For BJP, Swamy is an annoyance


A Bareilly-based Muslim organization, All India Faizan-e-Madina Council, has announced a bounty of Rs 5,000,786 on the head of senior Bharatiya Janata Party (BJP) leader Subramanian Swamy. The mainstream media did not find worth reporting the murderous call made by Mooen Siddiqui Noori, the Faizan-e-Madina Council president.

Was Noori’s exercising his right to the freedom of expression or inciting people to commit an illegal act? Let us examine. In the case of Arup Bhuyan vs State of Assam, the Supreme Court distinguished between free speech and incitement to violence in a most liberal and comprehensive manner. On February 3, 2011, the apex court Bench comprising Justices Markandey Katju and Gyan Sudha Misra agreed with the US Supreme Court’s verdict in Clarence Brandenburg vs. State of Ohio (1969).

The US apex court had ruled that mere “advocacy or teaching the duty, necessity, or propriety” of violence as a means of accomplishing political or industrial reform, or publishing or circulating or displaying any book or paper containing such advocacy, or justifying the commission of violent acts with intent to exemplify, spread or advocate the propriety of the doctrines of criminal syndicalism, or to voluntarily assemble with a group formed “to teach or advocate the doctrines of criminal syndicalism” is not per se illegal. It will become illegal only if it incites to “imminent lawless action.”

Our Supreme Court said that “mere membership of a banned organization will not make a person a criminal unless he resorts to violence or incites people to violence or creates public disorder by violence or incitement to violence (emphasis added).” Noori is clearly inciting people to violence and, therefore, cannot be defended citing this verdict. Further, he is a serial offender; in February this year too he had announced a bounty on Muslim cleric. Besides, along with Swamy, Noori has promised to pay Rs 2,500,786 to anybody who kills Shiv Sena MP Sanjay Raut.

Yet, nobody has bothered to prosecute Noori. The real big news is that Swamy’s own party has not reacted to the incitement. On the face of it, the silence of the BJP and cognate groups is deafening; a closer examination, however, reveals that the deafening silence is not without rhyme or reason; there is a pattern in the way the ruling dispensation deals with him—the pattern of neglect, suspicion, and fear. This negative attitude is the product and function of two facts: one, Swamy is a sincere leader committed to the Hindu cause, who works for a Hindu renaissance; and, two, the BJP is full of people who masquerade as the champions of Hindus but are little different from the leaders of other parties. For Swamy, Hindutva is an article of faith; for the BJP, it is a ladder to reach the top—and to kick it off as a use-and-throw contrivance.

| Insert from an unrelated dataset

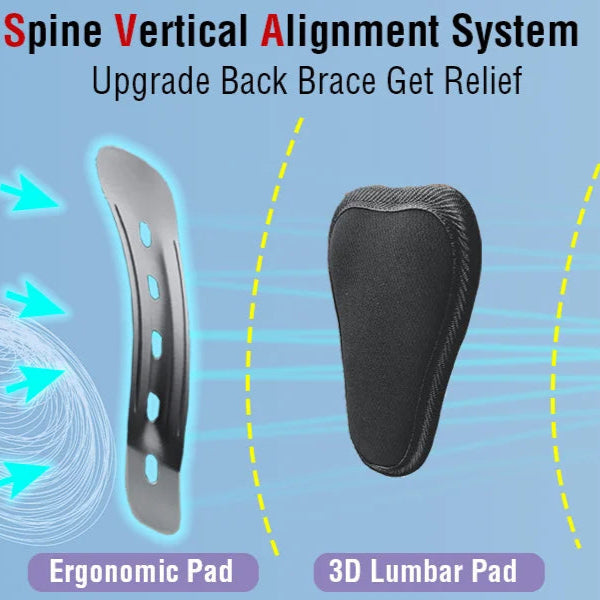 Adjustable Back, Shoulder Support for Women – Ergonomic Alignment Strap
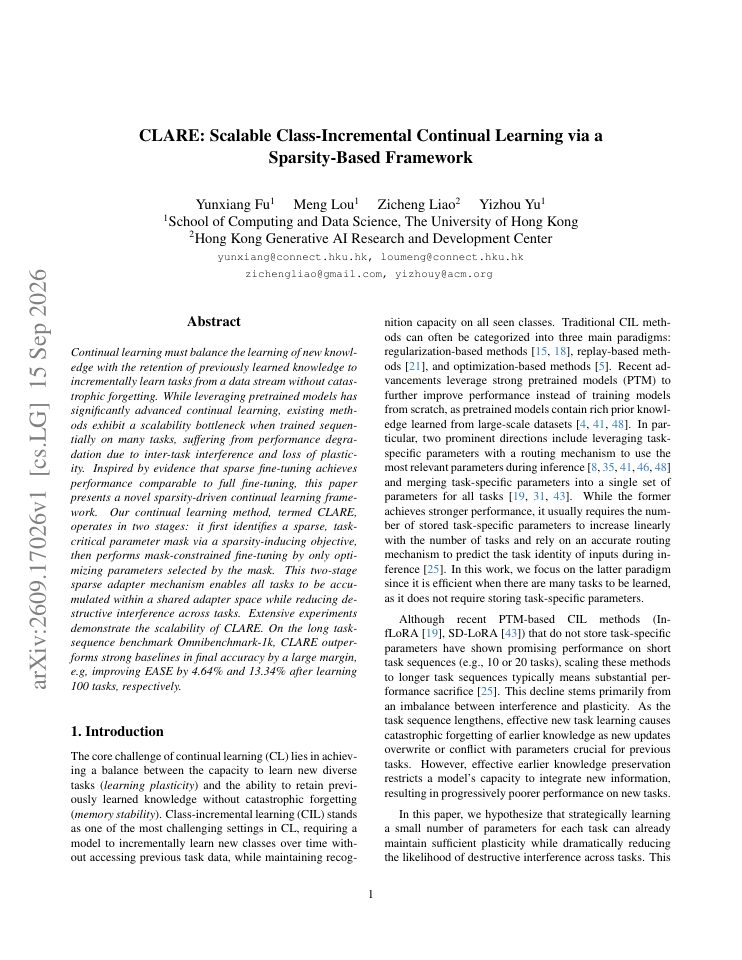 First page of CLARE: Scalable Class-Incremental Continual Learning via a Sparsity-Based Framework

The fact that Swamy continues to stick to the Hindu agenda is anathema to the BJP. He continues to demand the repeal of Article 370, while the BJP joins hands with jihad-compliant PDP. Swamy still talks about the uniform civil code; the BJP has practically forgotten about it. Swamy is persistent in his crusade against corruption, and is single-handedly pursuing the National Herald case against the Gandhi family; the BJP has done little to end corruption in the country. For Swamy bringing back black money from overseas banks is high on priority, whereas for the BJP it was just an election gimmick. For Swamy, promises made to the middle class should be redeemed; he wants to scrap personal income tax. The BJP, on the other hand, regards Middle India, its core constituency, as a traditional housewife who has all the duties and no rights, who can be neglected without consequences, who can be taken for granted.

Interestingly, the saffron party is the only one in India, perhaps in the world, which cavalierly rides roughshod over the aspirations of its supporters. It did that when it was in power the last time: there was scarcely any change in income tax slabs; taxmen continued to find means to extract more and more from salaried people; little relief was provided to the victims of US-64 scam. The denouement was 2004.

Swamy is the only BJP leader who wants to avert a similar catastrophe. Those who matter, however, are still reveling in last year’s impressive electoral victory; much like in 2004, they are convinced that now—with an erratic Rahul Gandhi and a ragtag Janata outfits as Opposition—they are invincible.

Wallowing in smugness, the ruling party finds Swamy as an annoyance. So, why bother about him?